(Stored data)
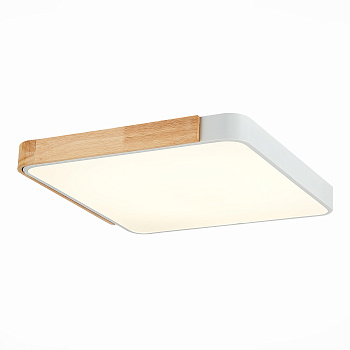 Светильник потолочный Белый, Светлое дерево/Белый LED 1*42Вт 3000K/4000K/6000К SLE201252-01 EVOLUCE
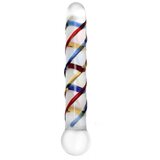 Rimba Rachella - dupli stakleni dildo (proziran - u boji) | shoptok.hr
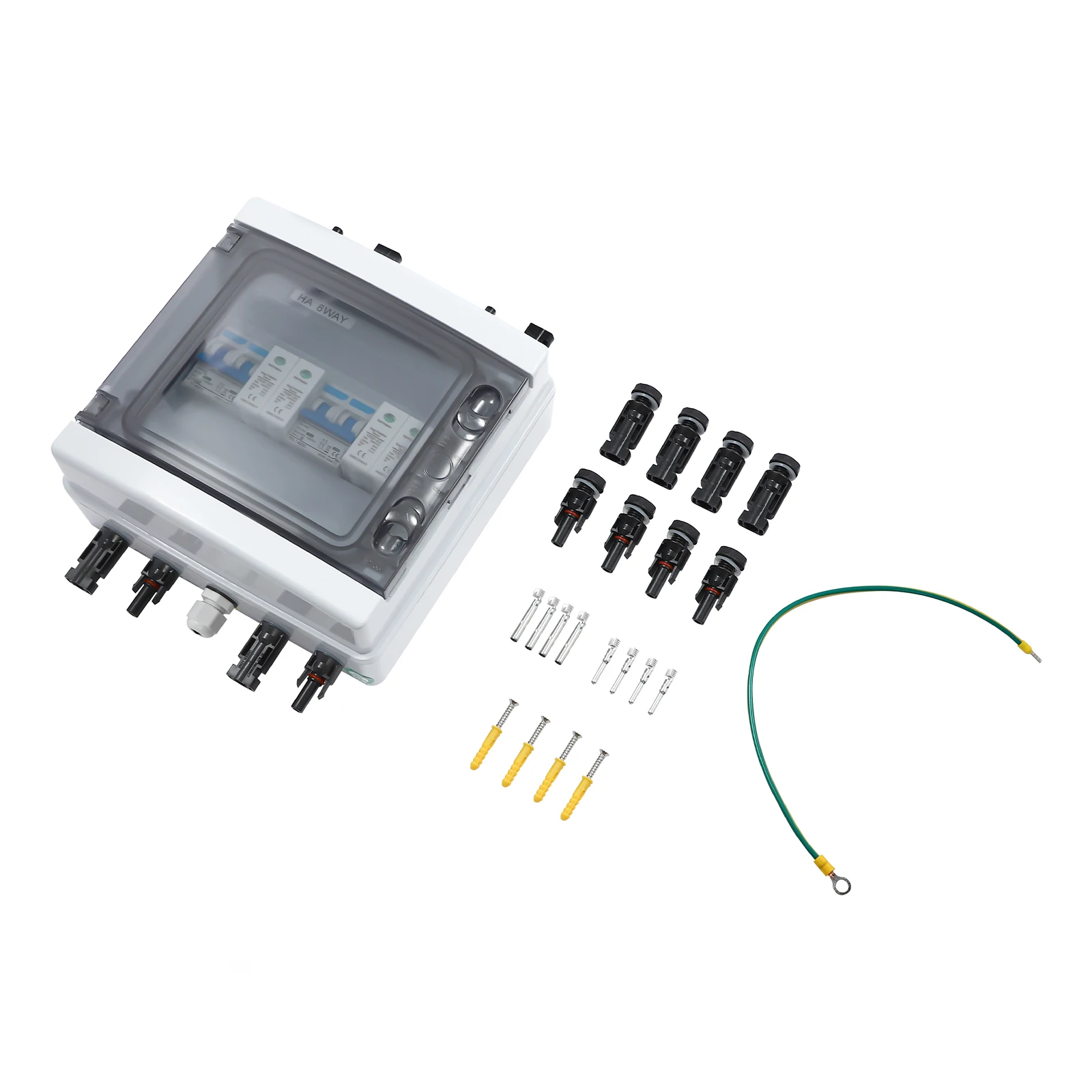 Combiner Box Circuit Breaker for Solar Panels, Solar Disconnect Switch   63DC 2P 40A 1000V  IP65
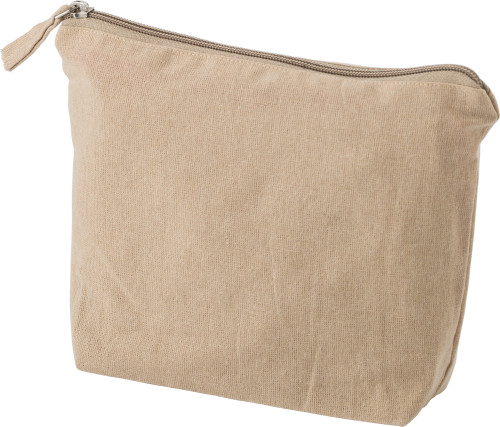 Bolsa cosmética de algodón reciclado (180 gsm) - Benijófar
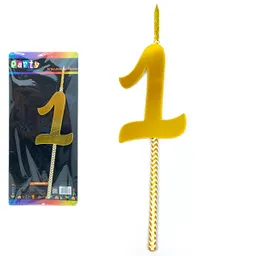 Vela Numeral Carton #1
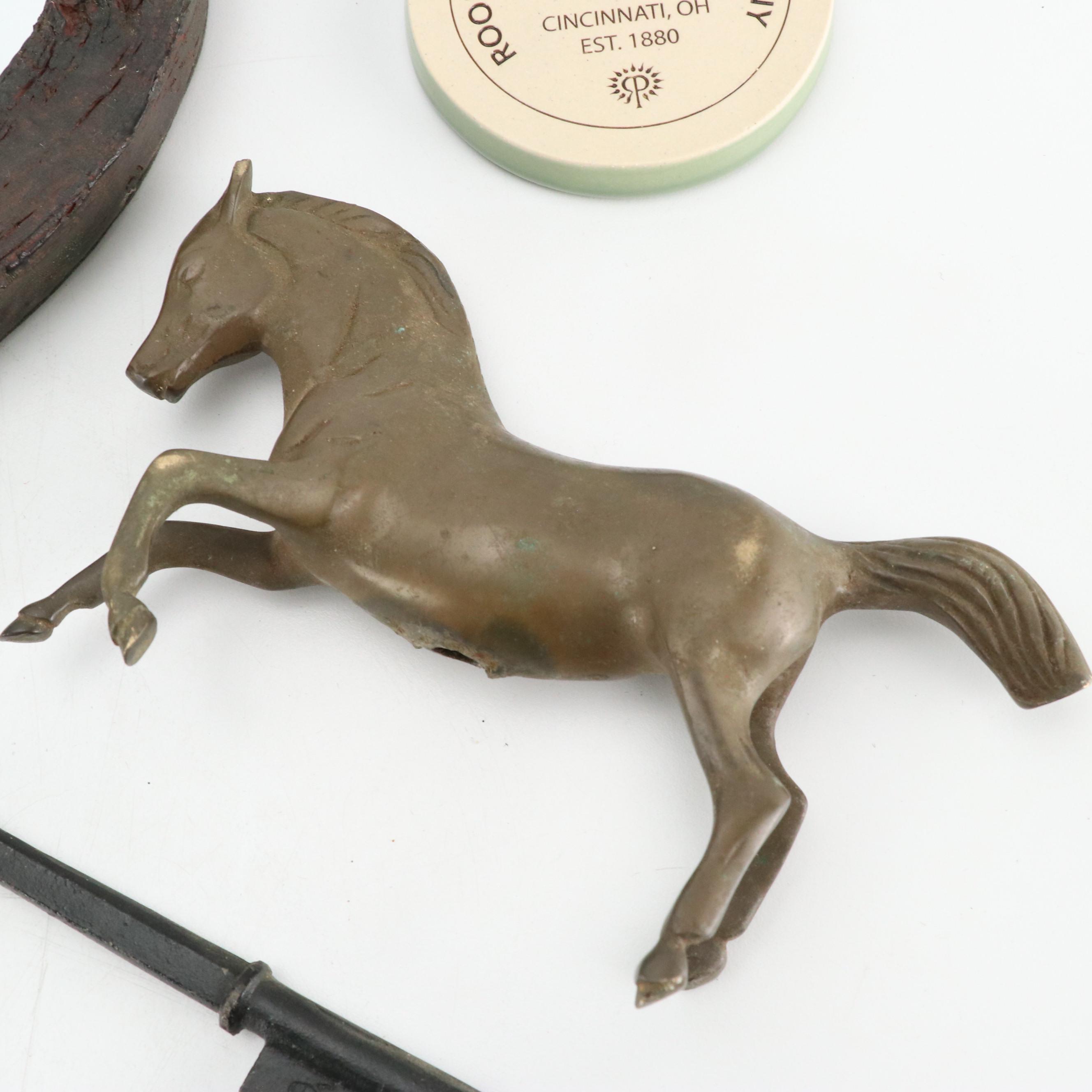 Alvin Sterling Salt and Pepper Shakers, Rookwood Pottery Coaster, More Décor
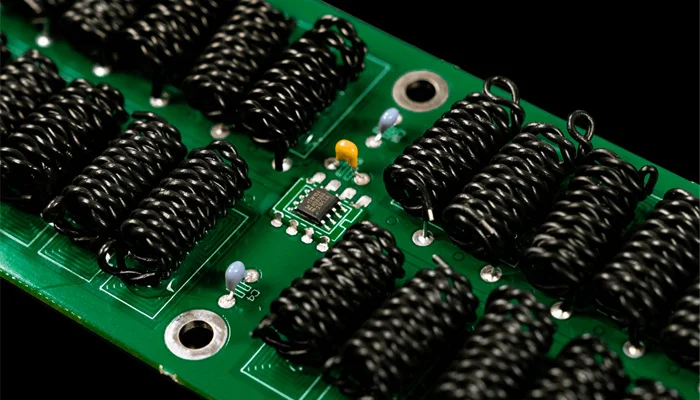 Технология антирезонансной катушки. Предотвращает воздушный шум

- **WHAT YOU NEED TO DO**: Return each entry exactly as it stands above, apart from any images.

- **EXPECTED ANSWER**:
 Светильник потолочный Белый, Светлое дерево/Белый LED 1*42Вт 3000K/4000K/6000К SLE201252-01 EVOLUCE
 Rimba Rachella - dupli stakleni dildo (proziran - u boji) | shoptok.hr
 Combiner Box Circuit Breaker for Solar Panels, Solar Disconnect Switch   63DC 2P 40A 1000V  IP65
 Bolsa cosmética de algodón reciclado (180 gsm) - Benijófar
 Vela Numeral Carton #1
 Alvin Sterling Salt and Pepper Shakers, Rookwood Pottery Coaster, More Décor
 Технология антирезонансной катушки. Предотвращает воздушный шум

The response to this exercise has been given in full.